= To do =
In the entries below, begin at the line with "Viseeko 3D Pebble" and stop after the line with "喜上眉梢琉璃情侣生日礼物摆件"; output those lines exactly and omit the pictures.

= Data extracts =
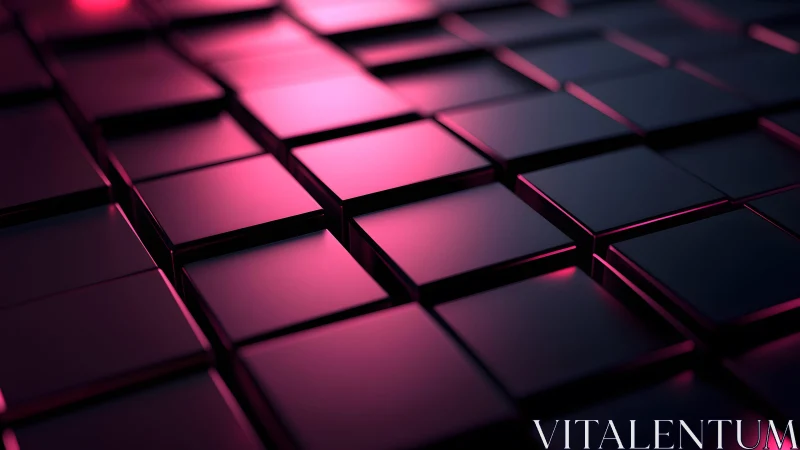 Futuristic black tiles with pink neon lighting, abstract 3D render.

...

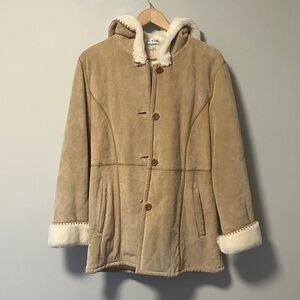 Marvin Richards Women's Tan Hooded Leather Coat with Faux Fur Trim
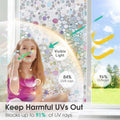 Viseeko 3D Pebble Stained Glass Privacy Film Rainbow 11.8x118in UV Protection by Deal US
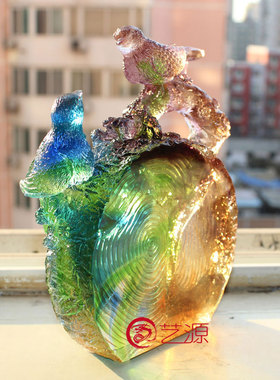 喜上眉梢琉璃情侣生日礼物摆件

= Exercise answer =
 Viseeko 3D Pebble Stained Glass Privacy Film Rainbow 11.8x118in UV Protection by Deal US
 喜上眉梢琉璃情侣生日礼物摆件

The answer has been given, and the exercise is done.